(Exercise details): From the entries below, reproduce exactly the line containing "On his first", the line containing "A stunning aerial", and every line in between, with nothing added.

(Dataset records):
+ + + + + + +

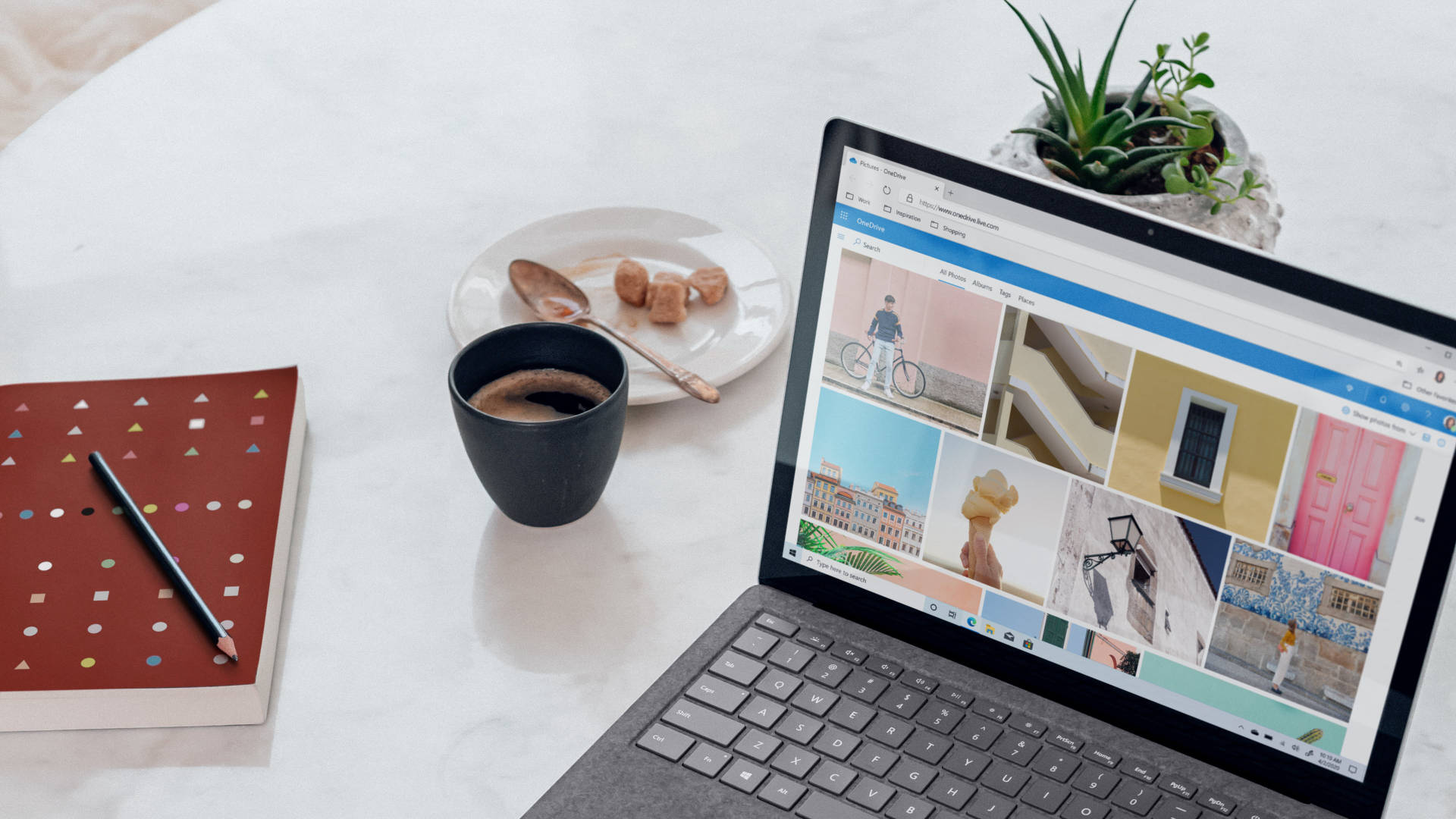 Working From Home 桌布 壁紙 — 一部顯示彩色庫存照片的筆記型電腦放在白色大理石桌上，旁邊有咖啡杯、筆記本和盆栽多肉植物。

+ + + + + + +

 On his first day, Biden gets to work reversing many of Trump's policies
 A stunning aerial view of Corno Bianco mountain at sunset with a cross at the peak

+ + + + + + +

(Task response):
 On his first day, Biden gets to work reversing many of Trump's policies
 A stunning aerial view of Corno Bianco mountain at sunset with a cross at the peak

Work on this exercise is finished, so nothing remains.